TCF21 regulates the expression of a subset of MMPs and TIMPs. The siRNA oligonucleotides targeting Tcf21 and control siRNA were transfected to mouse VIS ASCs and cultured for 3 days. A, total RNA was extracted for RT-qPCR analysis (n = 4, means ± S.E.). **, p < 0.01; ***, p < 0.001; ****, p < 0.0001 by one-way ANOVA. B, to assess MMP2 activity, the media of transfected cells were changed to serum-free DMEM a day after transfection; conditioned media were collected 3 days later and subjected to gelatin zymography. This is a representative figure (n = 3, means ± S.E.). ****, p < 0.0001 by one-way ANOVA.

Figure 4.

TCF21 mediates type IV collagen deposition by VIS ASCs. A–C, mouse VIS ASCs were transfected with siRNA oligonucleotides targeting Tcf21 and a control oligonucleotide and then cultured for 3 days. A, RT-qPCR analysis of collagen gene expression (n = 4, means ± S.E.). *, p < 0.05; **, p < 0.01 by one-way ANOVA). B, extracellular type IV collagen was detected (red) and quantified, normalized by the number of nuclei (blue). Scale bar, 50 μm (low mag) and 10 μm (high mag) (n = 5, means ± S.E., not significant per two-way ANOVA). C, extracellular degraded collagen was stained (red) and quantified per nuclei (blue) (n = 5, means ± S.E.) Scale bar, 50 μm. *, p < 0.05; ****, p < 0.001 by two-way ANOVA. D, ASCs isolated from VIS WAT were cultured in the presence or absence of 10 μm GM6001 for 2 days, stained for degraded collagen (red), and quantified per nuclei (blue) (n = 5, means ± S.E.). Scale bar, 50 μm. *, p < 0.05 by Student's t test. E and F, ASCs isolated from VIS and SQ WATs were transduced with TCF21 cDNA by lentiviral gene transfer. The cells were cultured for 3 days and analyzed by immunostaining for collagens type IV, I, and VI and degraded type I collagen (all in red) along with DAPI (nuclei, blue). Scale bar, 50 μm.

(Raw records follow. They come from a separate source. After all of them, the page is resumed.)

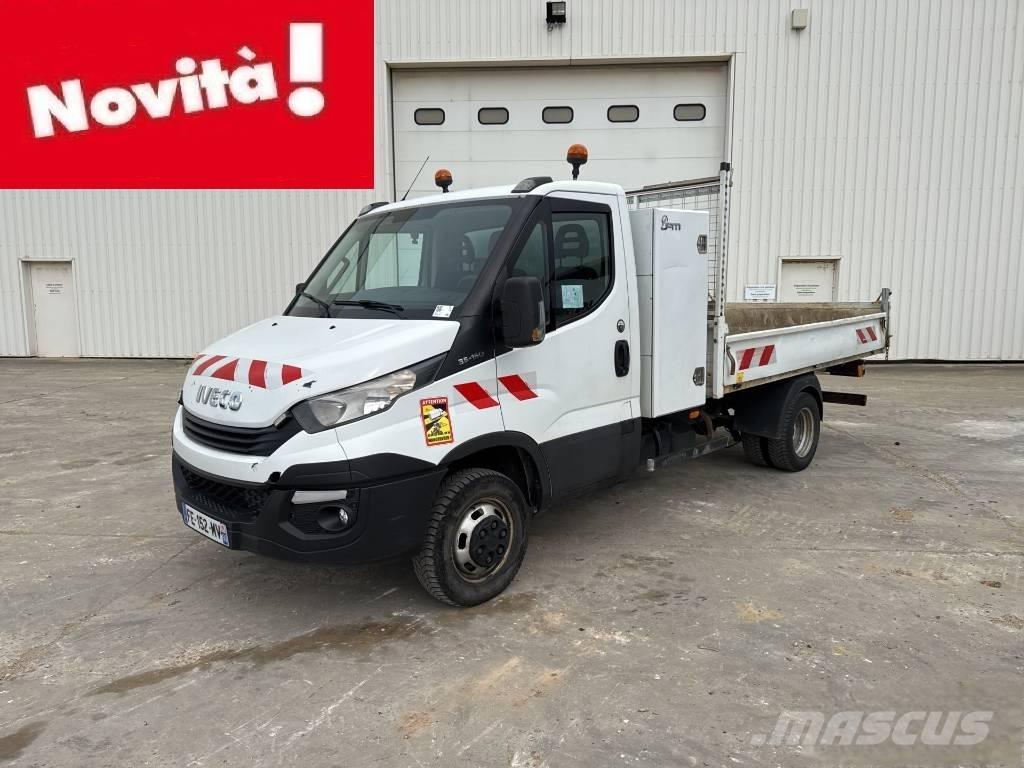 Iveco Daily 35-150 Savivarčių priekabų vilkikai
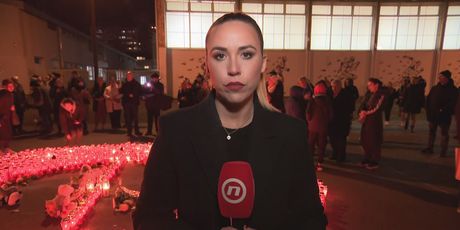 Dina Ćevid, reporterka Dnevnika Nove TV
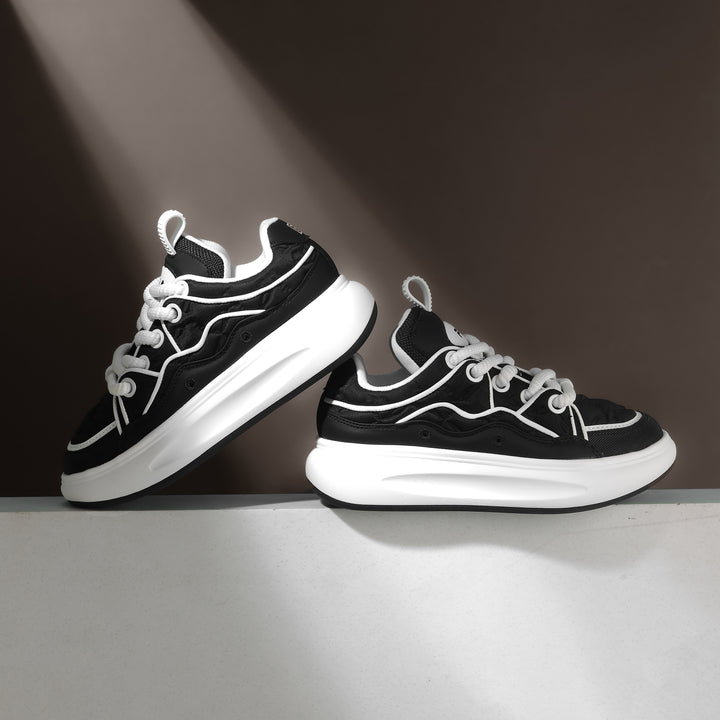 Fila Women Black Tss Moon Shoes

Signal intensities of staining were quantified and normalized by nucleus number (n = 5, means ± S.E.). *, p < 0.05; **, p < 0.01; ****, p < 0.001 by two-way ANOVA (E) or by Student's t test (F).

Figure 5.

IL6 is responsible for the expression of Mmp13 and Timp1 but not for type IV collagen deposition and type I collagen degradation. A, VIS and SQ ASCs were incubated in the presence and absence of IL6-neutralizing antibody (IL6 Ab, 100 ng/ml) with and without 30 ng/ml recombinant mouse IL6 for 24 h. Total RNA was isolated 24 h later and analyzed by RT-qPCR (n = 3, means ± S.E.). *, p < 0.05 by two-way ANOVA. B, mouse VIS ASCs were transfected with siRNA oligonucleotides targeting Tcf21 and a control oligonucleotide and then treated with IL6-neutralizing antibody (100 ng/ml) for 3 days. Extracellular deposition of type IV collagen and degraded collagen products are shown in red, and nuclei are in blue. Scale bar, 50 μm. Signal quantification is shown on the right (n = 5, means ± S.E.). **, p < 0.01 by two-way ANOVA.